Add runtime module to enable concurrent load of manifest files. #124

liurenjie1024 · 2023-12-19T02:03:55Z

Currently we implement manifest loading in a sequential approach, e.g. load them one by one. We should add load them concurrently. This requires submitting tasks to rust async runtime, and we should be careful to runtime agnostic.

odysa · 2024-02-02T03:33:14Z

Hi, is this what you refer to?
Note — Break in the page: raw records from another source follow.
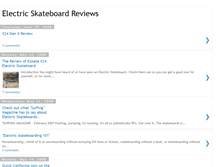 Tablet Screenshot of electricskateboardreviews.blogspot.com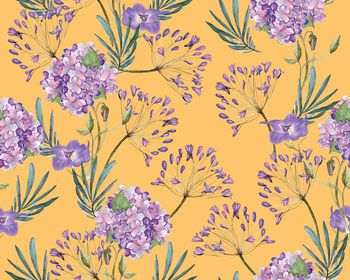 878463-20170623 彩铅 紫花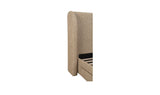 Sophia Speckled Light Brown Queen Storage Bed - Ornate Home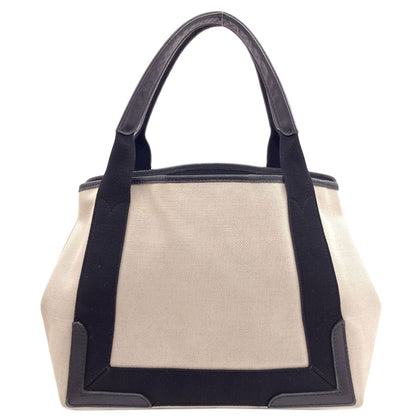 BALENCIAGA バレンシアガ 339933 ネイビーカバス S ハンドバッグ キャンバス レディース 中古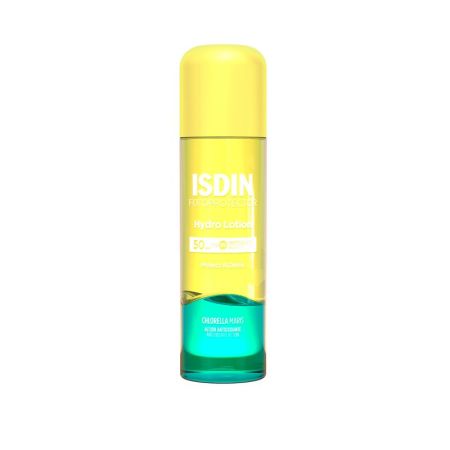 Isdin Hydro Lotion Protect & Detox Fotoprotector Spf 50 Protector solar corporal bifásico detoxifica y revitaliza 200 ml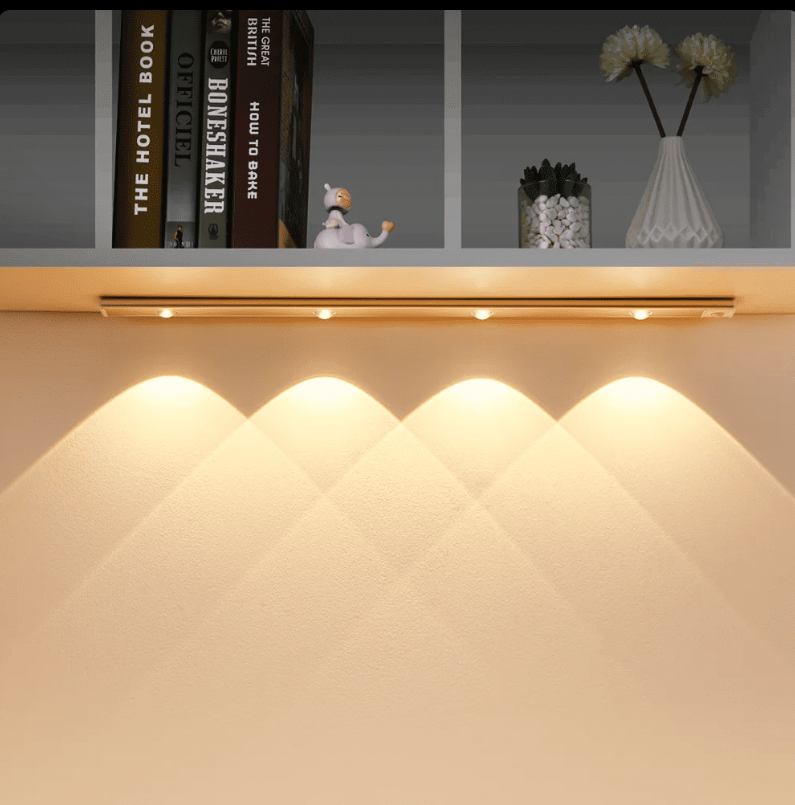 💡✨ LED NIGHT LAMPA 40cm I 30 cm  – SENZOR POKRETA + USB PUNJIVA!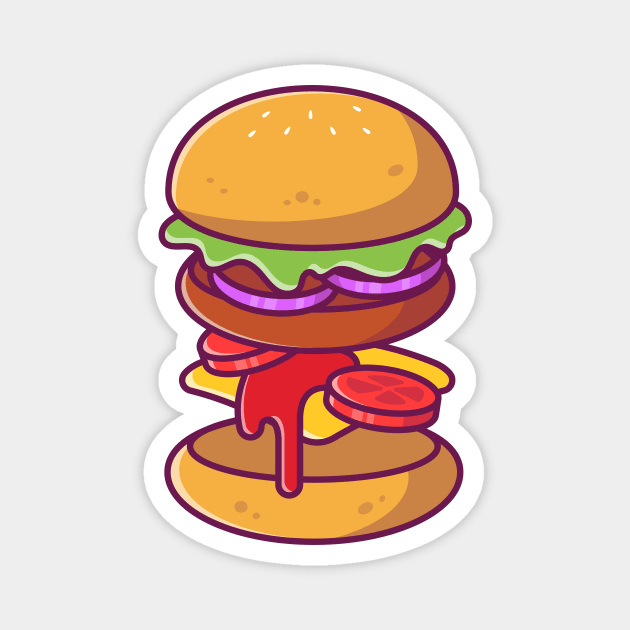 Burger Ingredients Magnet by Catalyst Labs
Can you plz explain more about "careful to runtime agnostic"? Is there anything we need to be careful when implementing concurrent scanning?

iceberg-rust/crates/iceberg/src/scan.rs

Lines 140 to 145 in 9768b0e

    
           let mut file_scan_tasks = Vec::with_capacity(manifest_list.entries().len()); 
        
           for manifest_list_entry in manifest_list.entries().iter() { 
        
               // Data file 
        
               let manifest = manifest_list_entry.load_manifest(&self.file_io).await?; 
        
               for manifest_entry in manifest.entries().iter().filter(|e| e.is_alive()) {

liurenjie1024 · 2024-02-02T05:57:54Z

Hi, is this what you refer to?

Yes, exactly.

Can you plz explain more about "careful to runtime agnostic"? Is there anything we need to be careful when implementing concurrent scanning?
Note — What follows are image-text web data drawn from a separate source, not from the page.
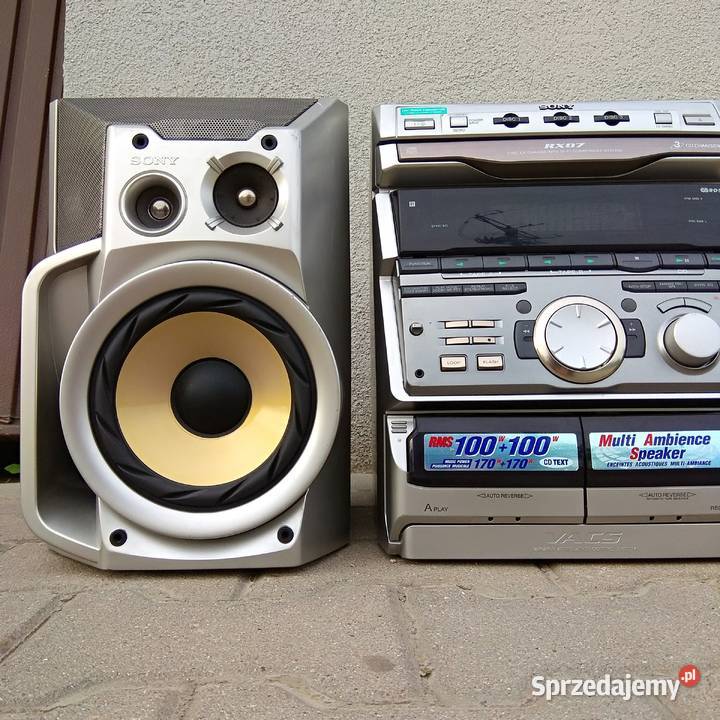 Potężna Sony MHCRXD7 wieżamega brzmieniekorektor Świebodzice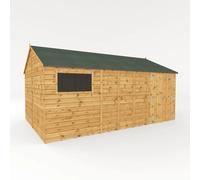 16x10 Wooden Garden Shed Workshop Shiplap Reverse Apex Storage
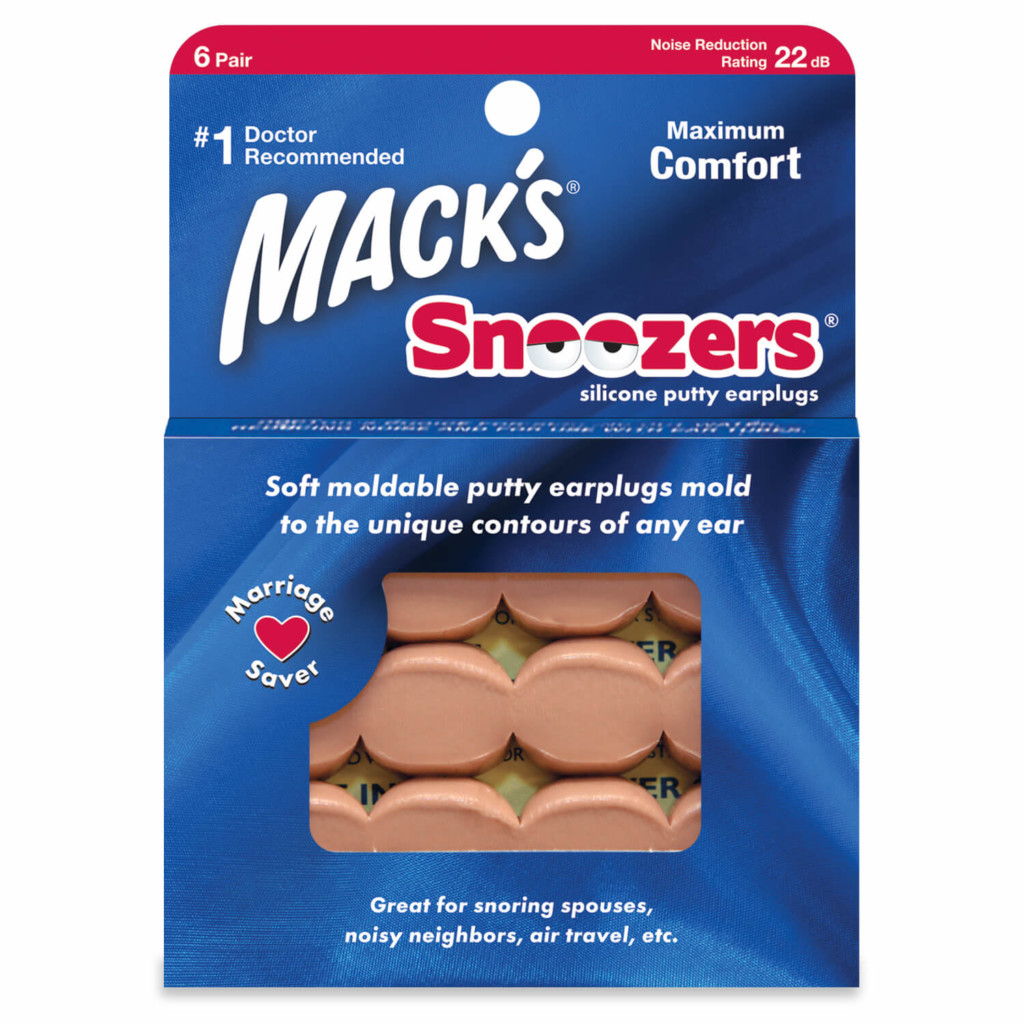 Snoozers® Silicone Putty Ear Plugs Mack's Ear Plugs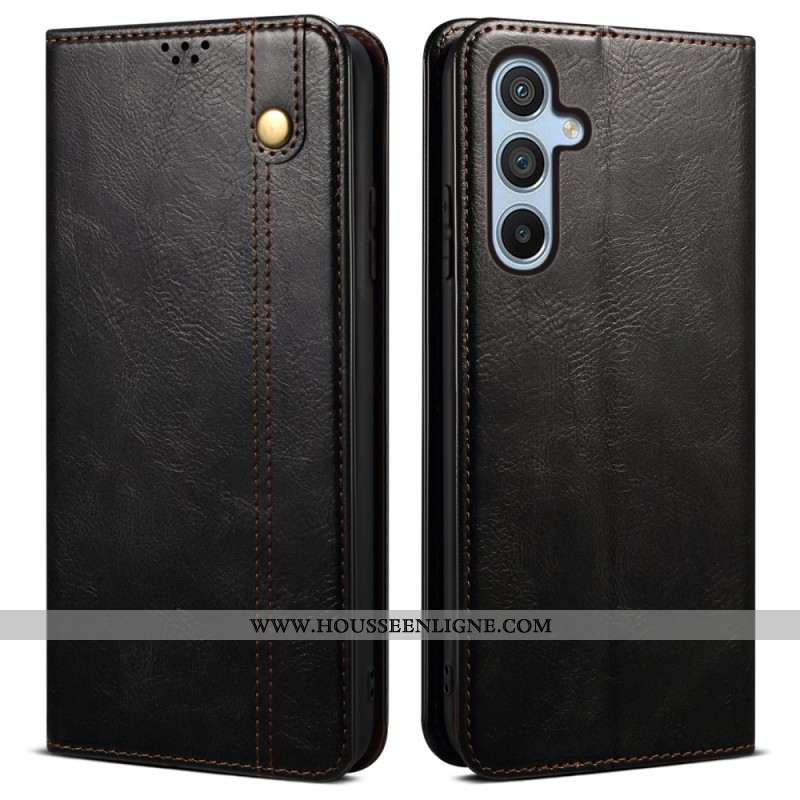 Flip Cover Samsung Galaxy A16 4G / 5G Simili Cuir Ciré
I mean we may need an extra layer for task scheduling, so that we can be adopted to any async runtime such as tokio, async-std.

odysa · 2024-02-02T17:02:32Z

I mean we may need an extra layer for task scheduling, so that we can be adopted to any async runtime such as tokio, async-std.

Do you want users to choose their own runtime like sqlx?
They are building an abstraction layer(Runtime) so sqlx can run on many blocking/non-blocking runtime.

# tokio (no TLS)
sqlx = { version = "0.7", features = [ "runtime-tokio" ] }
# async-std (no TLS)
sqlx = { version = "0.7", features = [ "runtime-async-std" ] }

I am interested in this feature, but it will take some time for me to draft a design.

odysa · 2024-02-02T20:45:12Z

Do you want users to choose their own runtime like sqlx? They are building an abstraction layer(Runtime) so sqlx can run on many blocking/non-blocking runtime.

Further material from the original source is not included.